What this task involves:
The full listing, exactly as written and with no images, is the expected output.

Task material:
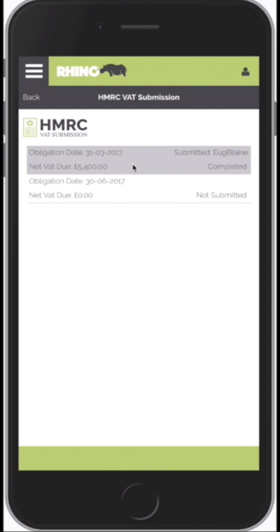Just to summarize: making a VAT submission should take about 60 seconds. Rhino automatically calculates all the values for you, you've got the flexibility to make adjustments, and it locks all of the transactions — invoices, credit notes and expenses — linked to that return so you don't double count them in future. We've tried very hard to make the VAT submission process as simple as possible. Thank you very much and we'll see you on the next tutorial.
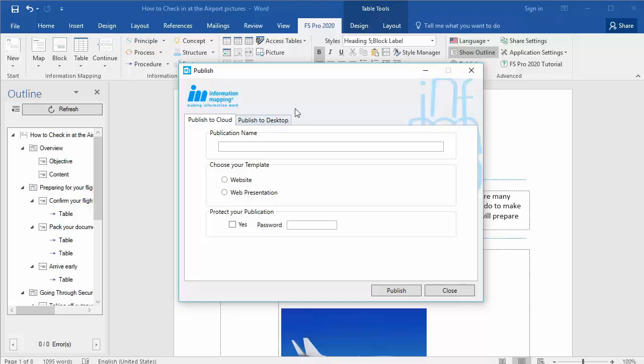Publishing to the cloud means online, or you can publish to desktop and save locally. If you want to publish your document to the cloud, you have to give it a name.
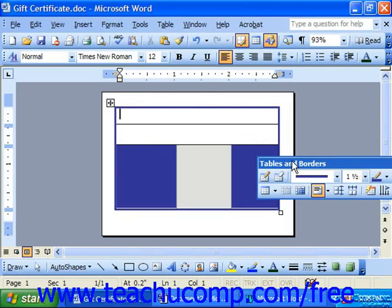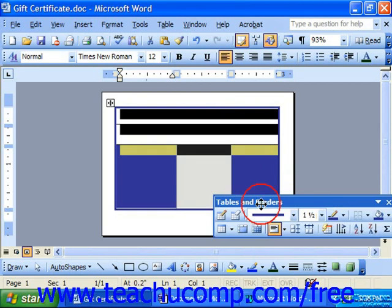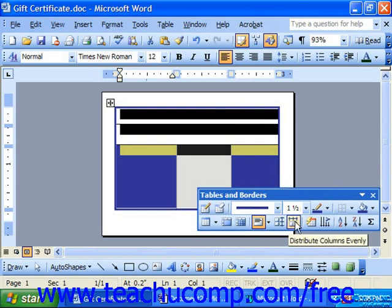In order to achieve symmetrical distribution of your columns and rows in your table, you may select the columns or rows that you would like to distribute evenly. Then, using the Tables and Borders toolbar, you may choose 'Distribute Rows Evenly' for symmetrical row distribution, or 'Distribute Columns Evenly' for symmetrical column distribution.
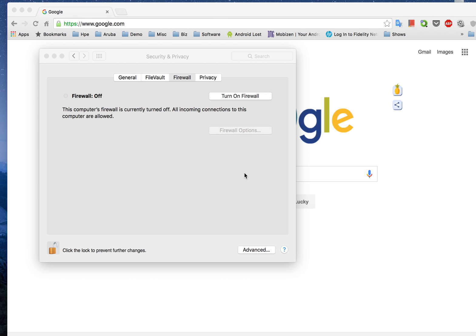Hi everyone, my name is Jeff and today I'll be showing you how we actually do a posture check on a Macintosh using the ClearPass OnGuard module.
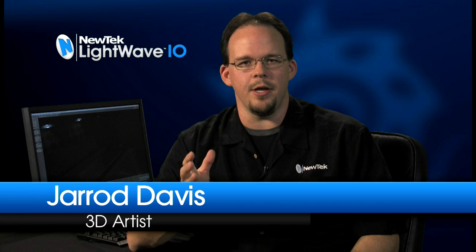With a new linear color workflow, LightWave 10 now lets you get more accurate results faster and easier than ever before.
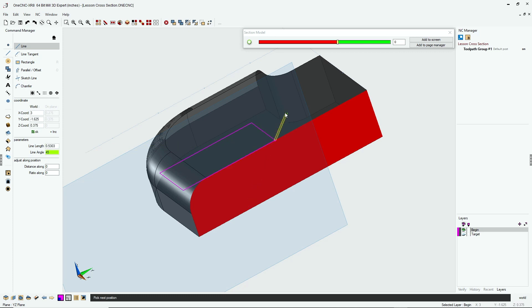Now another thing I'm going to do is I want to lock the Z depth at minus 750 thousandths. So I'm going to type in minus 750 thousandths. There we go, and when we're finished I'll just click OK.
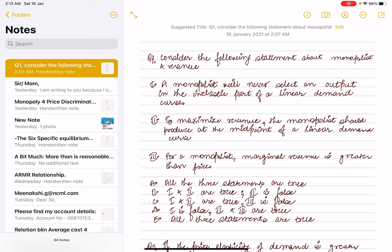Hello everyone, welcome to Economics by Vishan Arpita Swajam. Today we'll be solving previous year questions related to price discrimination and limit pricing.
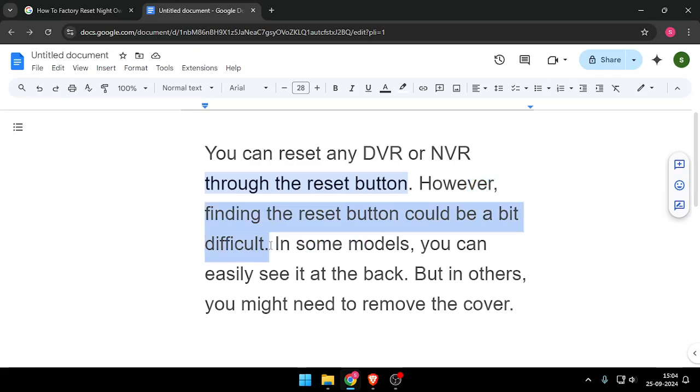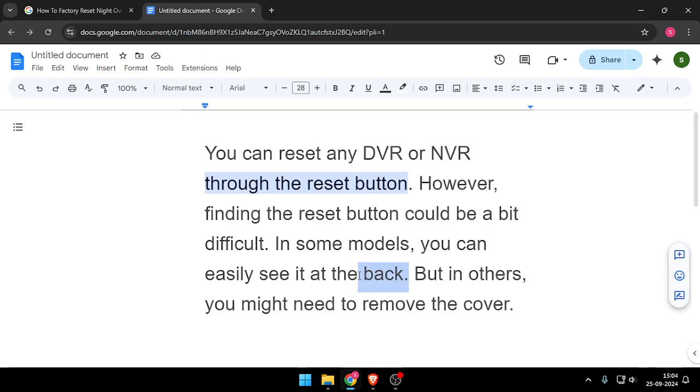In some models, you can easily see it at the back, but in others, you might need to remove the cover.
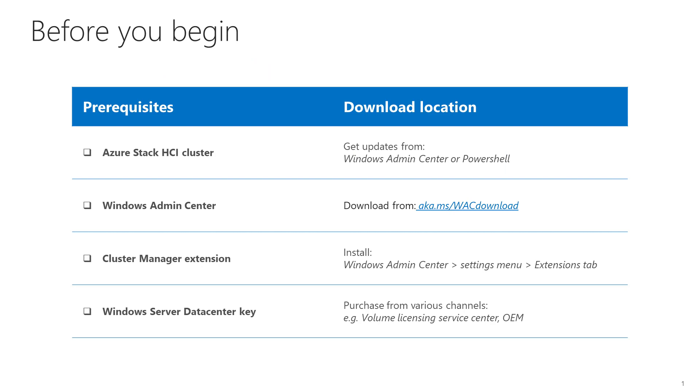Before you begin, let's make sure that we have all the prerequisites before starting. Check that your Azure Stack HCI cluster is up to date. Then, download the latest Windows Admin Center and install the AVMA Cluster Manager extension. Finally, you will need Windows Server Data Center keys, one for each host server you are activating.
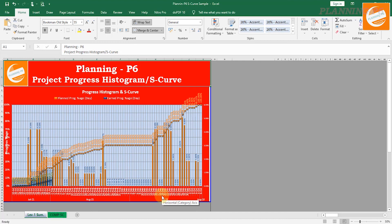This is how you can prepare your S-curve using data from Primavera in Excel. This is a special project management requirement and every client wants to see the histogram and S-curve. Hope you understand how to prepare or create an S-curve or histogram for the project. Please share, subscribe, like, and comment on our channel. Thanks for watching. Allah Hafiz.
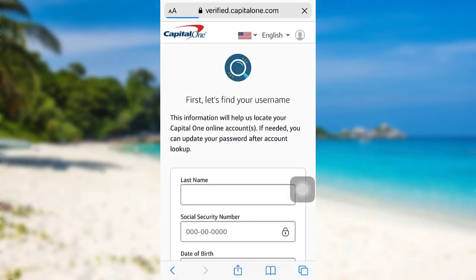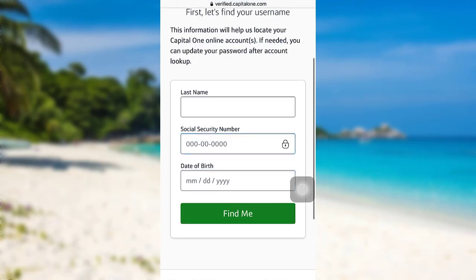You will then be redirected to a page where you will be asked for some of your information. Enter your last name, social security number, and date of birth. After that, tap on Find Me. This information will help the bank locate your Capital One online account or accounts.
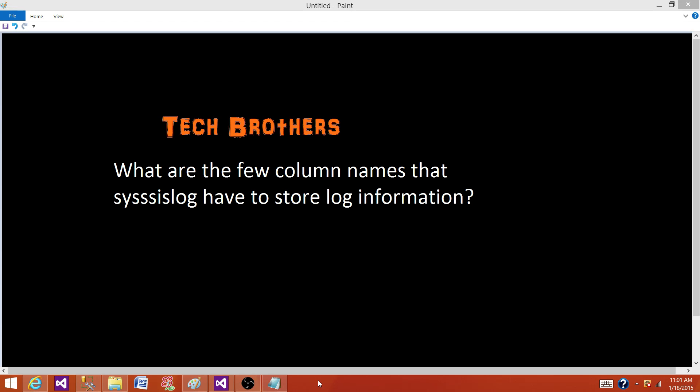Welcome to Tech Brothers with Damir. Today we are going to answer this question. What are the few column names that sysssis log table have to store log information? By asking this question what they want to understand - do you know about logging?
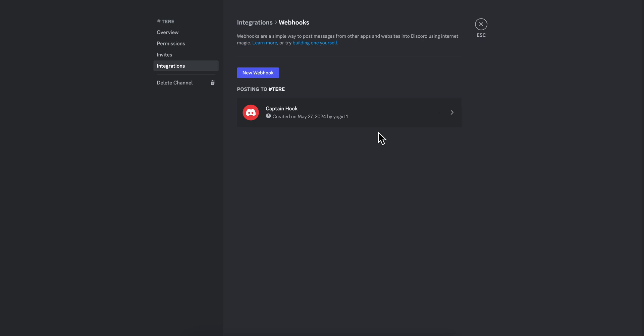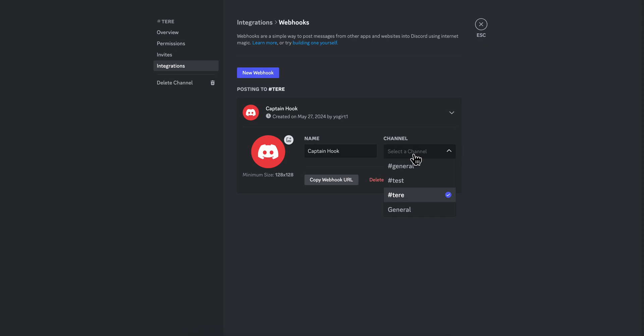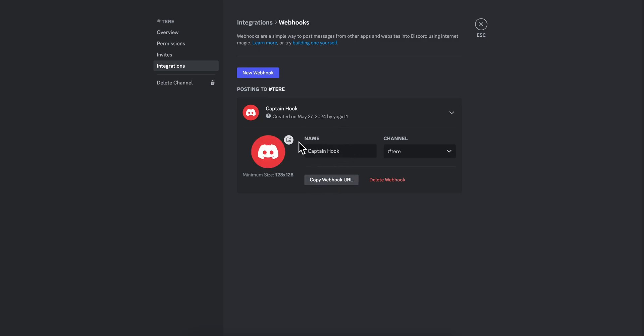As you can see, we have this webhook, so we can click on that and we can basically move this throughout our channels. We can simply copy this webhook URL, we can even name it, we can even upload a profile icon for it, or you can simply delete it.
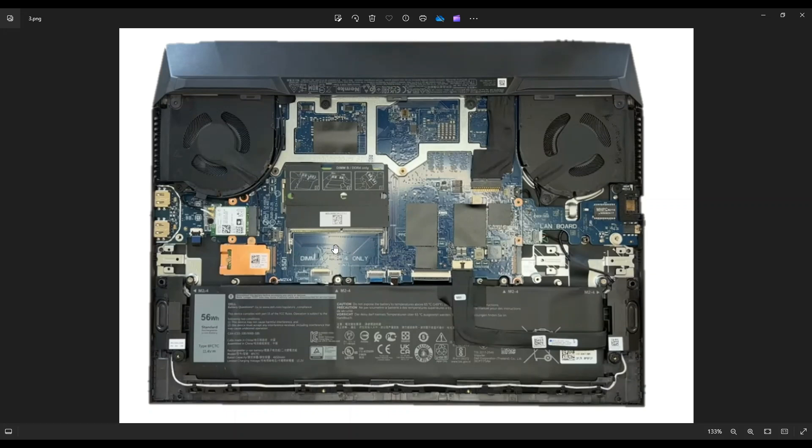Now, this is DDR4 RAM. The RAM stick that was in this computer was PC4-3200, and you do have 32GB max allotted RAM in this computer.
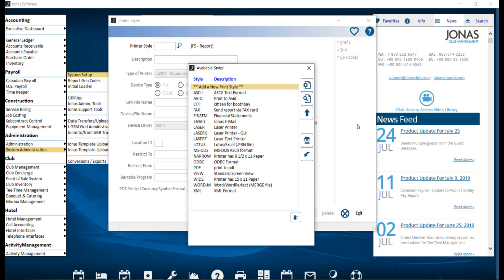The Printer Styles program allows you to define printers in Jonas that link to your Windows printer and to define their settings. Note that the printer must be installed in Windows before it can be connected here. To set up a printer style,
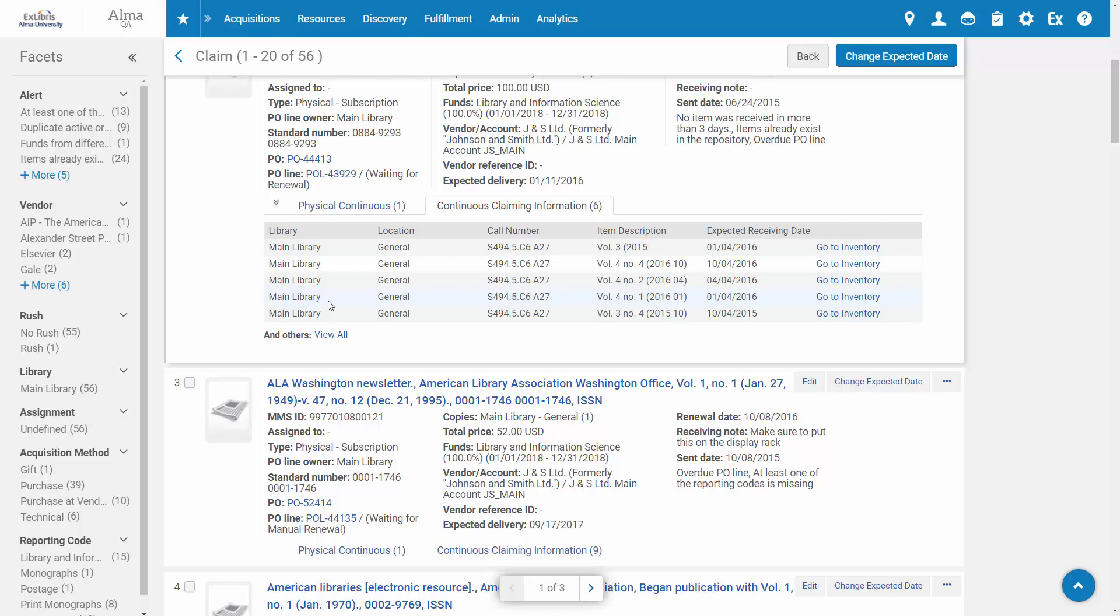In the case of a physical one-time order, we would see here any unreceived items linked to this order line.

Written answer:
Just to summarize: making a VAT submission should take about 60 seconds. Rhino automatically calculates all the values for you, you've got the flexibility to make adjustments, and it locks all of the transactions — invoices, credit notes and expenses — linked to that return so you don't double count them in future. We've tried very hard to make the VAT submission process as simple as possible. Thank you very much and we'll see you on the next tutorial.
Publishing to the cloud means online, or you can publish to desktop and save locally. If you want to publish your document to the cloud, you have to give it a name.
In order to achieve symmetrical distribution of your columns and rows in your table, you may select the columns or rows that you would like to distribute evenly. Then, using the Tables and Borders toolbar, you may choose 'Distribute Rows Evenly' for symmetrical row distribution, or 'Distribute Columns Evenly' for symmetrical column distribution.
Hi everyone, my name is Jeff and today I'll be showing you how we actually do a posture check on a Macintosh using the ClearPass OnGuard module.
With a new linear color workflow, LightWave 10 now lets you get more accurate results faster and easier than ever before.
Now another thing I'm going to do is I want to lock the Z depth at minus 750 thousandths. So I'm going to type in minus 750 thousandths. There we go, and when we're finished I'll just click OK.
Hello everyone, welcome to Economics by Vishan Arpita Swajam. Today we'll be solving previous year questions related to price discrimination and limit pricing.
In some models, you can easily see it at the back, but in others, you might need to remove the cover.
Before you begin, let's make sure that we have all the prerequisites before starting. Check that your Azure Stack HCI cluster is up to date. Then, download the latest Windows Admin Center and install the AVMA Cluster Manager extension. Finally, you will need Windows Server Data Center keys, one for each host server you are activating.
This is how you can prepare your S-curve using data from Primavera in Excel. This is a special project management requirement and every client wants to see the histogram and S-curve. Hope you understand how to prepare or create an S-curve or histogram for the project. Please share, subscribe, like, and comment on our channel. Thanks for watching. Allah Hafiz.
You will then be redirected to a page where you will be asked for some of your information. Enter your last name, social security number, and date of birth. After that, tap on Find Me. This information will help the bank locate your Capital One online account or accounts.
Welcome to Tech Brothers with Damir. Today we are going to answer this question. What are the few column names that sysssis log table have to store log information? By asking this question what they want to understand - do you know about logging?
As you can see, we have this webhook, so we can click on that and we can basically move this throughout our channels. We can simply copy this webhook URL, we can even name it, we can even upload a profile icon for it, or you can simply delete it.
Now, this is DDR4 RAM. The RAM stick that was in this computer was PC4-3200, and you do have 32GB max allotted RAM in this computer.
The Printer Styles program allows you to define printers in Jonas that link to your Windows printer and to define their settings. Note that the printer must be installed in Windows before it can be connected here. To set up a printer style,
In the case of a physical one-time order, we would see here any unreceived items linked to this order line.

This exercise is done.